Klar ist, alle drei Wirtsleute machen ihren „Job“ mit Leidenschaft, keiner schaut auf die Feierabenduhr, aber sie sind auch keine Kneipenromantiker. Ganz wichtig: Ohne gute Mitarbeiterinnen und Mitarbeiter geht es nicht. Bleiben die Kosten: „Wenn du die Rechnungen und die Einkaufspreise siehst, dann wird dir schlecht“, sagt Oliver Mester. Besonders der Preisunterschied zwischen günstigem Flaschen- und dem viel zu teurem Fassbier stößt den Gastronomen auf. Überhaupt: Alles werde immer teurer, von der Anlagenreinigung bis zur Kohlensäure. „So kommen dann Bierpreise von 2 Euro zustande. Das wissen viele ja gar nicht“, so Mester.

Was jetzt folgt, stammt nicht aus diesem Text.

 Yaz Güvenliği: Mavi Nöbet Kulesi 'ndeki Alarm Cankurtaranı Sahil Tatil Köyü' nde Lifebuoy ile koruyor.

Und dennoch sei es wichtig, auch mal in die Räume zu investieren, damit der Gast frischen Wind spüre. „Man muss den Job eben mit Herzblut machen“, sagt Mester – trotz aller Probleme. Wenn auswärtige Gäste dann an seiner Theke jammern: Hätten wir noch mal so eine Kneipe bei uns?, dann sei das ein klares Indiz, dass die Kneipe bzw. die Gastro auf dem Dorf eine Zukunft hat.